Рамирес, уже снова говоривший по телефону, пытаясь найти эксперта, который взглянет на Коран, кивнул и повертел указательным пальцем, чтобы показать, что он уже этим занимается. Женщина-полицейский, работавшая у развалин, подошла к Кальдерону и сообщила, что в разрушенном здании нашли первое тело — пожилую женщину, жившую на восьмом этаже. Все договорились собраться снова часа через два. Рамирес закончил телефонный разговор, как раз когда из детского сада пришла Кристина Феррера.
Было решено, что Рамирес продолжит заниматься опознанием машин вместе с младшими инспекторами Пересом, Серрано и Баэной. Фалькон же и Кристина Феррера попытаются найти жителей пятиэтажного дома, из которого лучше всего видно автостоянку, на которой был оставлен «пежо-партнер». Они двинулись по улице к полицейскому кордону, у которого собралась группа людей, ожидавших, когда можно будет вернуться в свои квартиры.
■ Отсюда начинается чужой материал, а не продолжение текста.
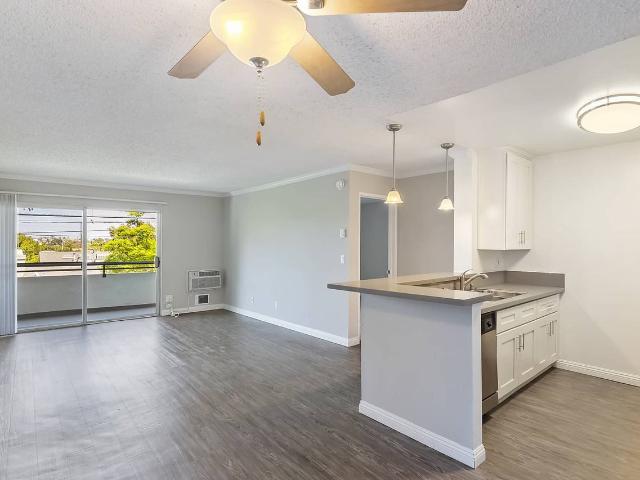 Apartment for rent in Canoga Park, California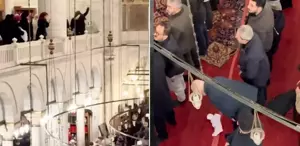 Kadir Gecesi Fatih Camii’nde dikkat çeken anlar Kadınlar başörtülerini bıraktı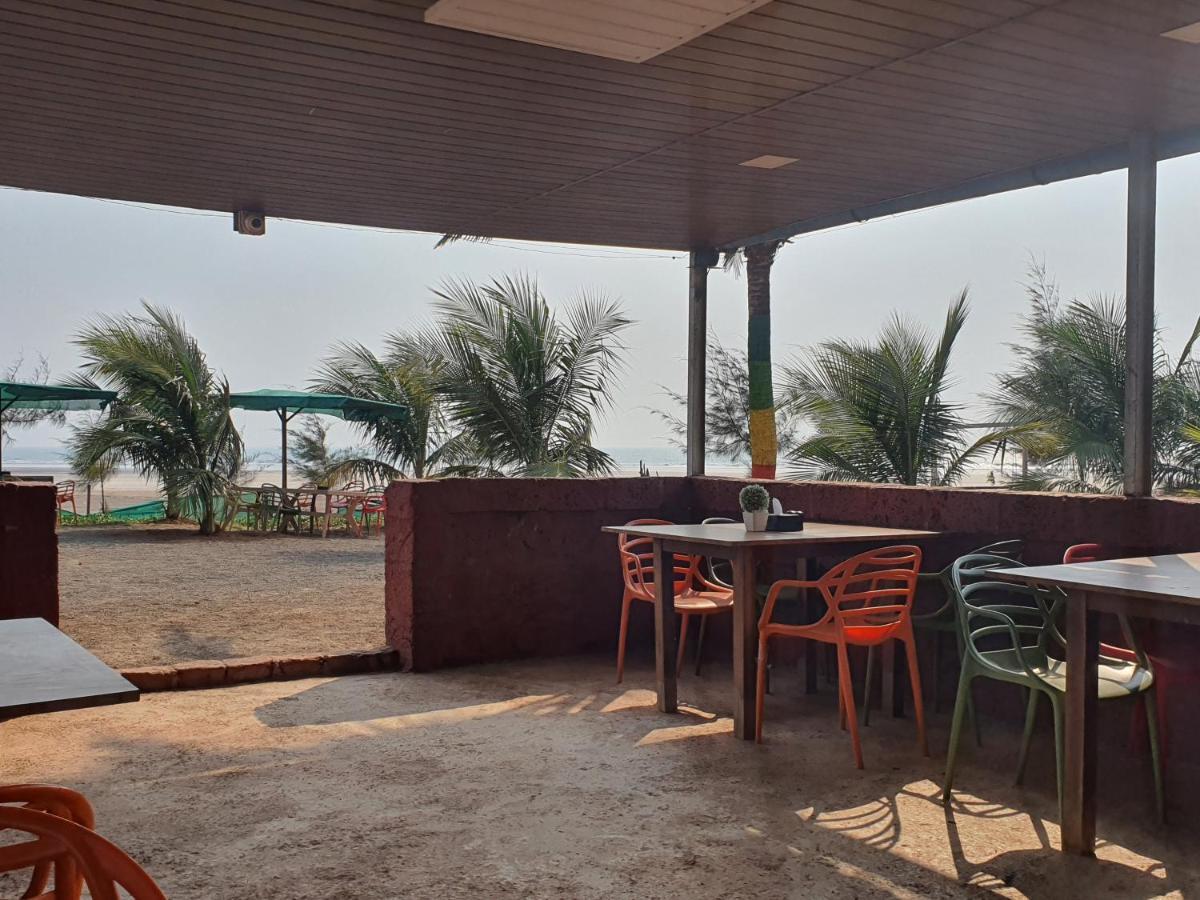 Salt Water Resort Dāpoli Esterno foto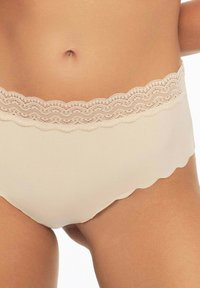 Beżowe majtki o wysokim stanie z falbankowym koronkowym wykończeniem w pasie. Gładka faktura, miękka tkanina i bezszwowy design dla komfortu.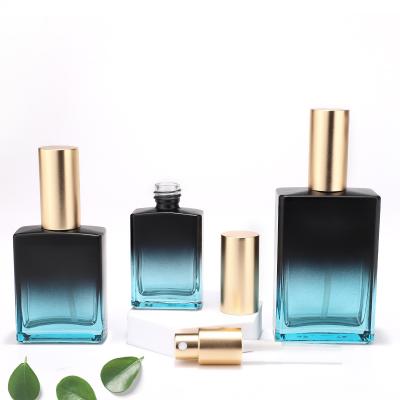Flacon en verre de parfum carré de luxe
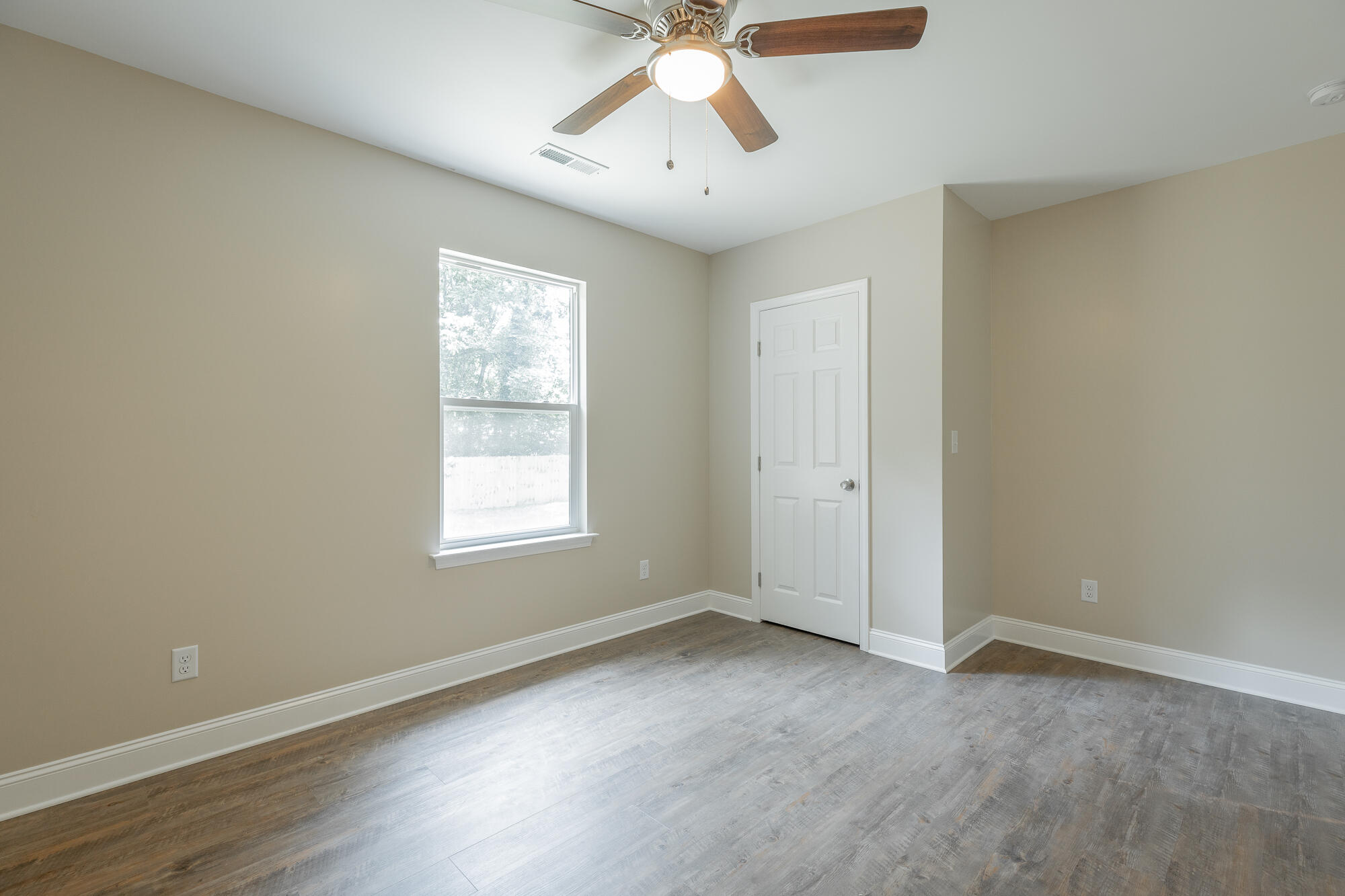 8430 Springfield Road Soddy Daisy, TN 37379 - Photo 31 of 53 8340 Springfield Road HD-26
— В каком состоянии был Фернандо, когда вы от него ушли? — спросил Фалькон. — Я не запомнил его фамилию.
— Фернандо Аланис, — ответила Феррера. — Более-менее под контролем, с учетом того, что с ним произошло. Мы обменялись телефонами.
— У него есть кто-нибудь, к кому он может пойти?
— В Севилье — нет, — ответила она. — Его родители — на севере, им слишком много лет, и они больны. Его сестра живет в Аргентине. А родные его жены не одобряли этот брак.
— Друзья?
— Семья была всей его жизнью, — сказала она.
— Он представляет себе, что намерен делать?
— Я сказала, что он может пожить у меня.
— Этого вам не следовало делать, Кристина. Вы не должны за него отвечать.
— Но вы же знали, что я могу это предложить, старший инспектор? — заметила она. — Если этого потребуют обстоятельства.
— Я собирался поместить его у себя, — сказал Фалькон. — У вас работа, дети… и у вас дома нет для него места.
— Ему надо вернуть ощущение той жизни, которую он утратил, — ответила она. — И потом, кто у вас стал бы за ним присматривать?
— Моя экономка, — сказал Фалькон. — Верьте или нет, но я совершенно не хотел, чтобы вы занимались еще и этим.
— Мы должны действовать вместе, иначе мы дадим им победить, — произнесла она. — И потом, вы всегда выбираете меня для такой работы: бывших монахинь не бывает.
— Не помню, чтобы я это говорил.
— Но вы помните, как об этом думали, — заявила Феррера. — И потом, не вы ли учили нас, что мы не только солдаты, воюющие с преступностью, что мы должны еще и помогать? Мы — андалузские сыщики-крестоносцы.
— Хосе Луис рассмеялся бы вам в лицо, если бы он это от вас услышал, — сказал Фалькон. — И вообще я бы рекомендовал вам очень осторожно употреблять такие слова в этом расследовании.
— Фернандо уже успел обвинить «марокканцев», — сообщила она. — С самого одиннадцатого марта местные жители видели, как они заходят в мечеть или бродят вокруг.
— Так уж в наши дни работает сознание людей, это естественно, — заметил Фалькон. — И людям нравится, когда их подозрения подтверждаются. Но их предвзятое мнение не должно влиять на ход нашего расследования. Мы должны изучать факты и держаться подальше от разных «естественных предположений». Иначе мы начнем совершать такие же ошибки, что и те, кто расследовал теракты в Мадриде и с самого начала обвинил во всем ЭТА. Уже в том, что мы нашли в «пежо-партнере», есть некоторые странности.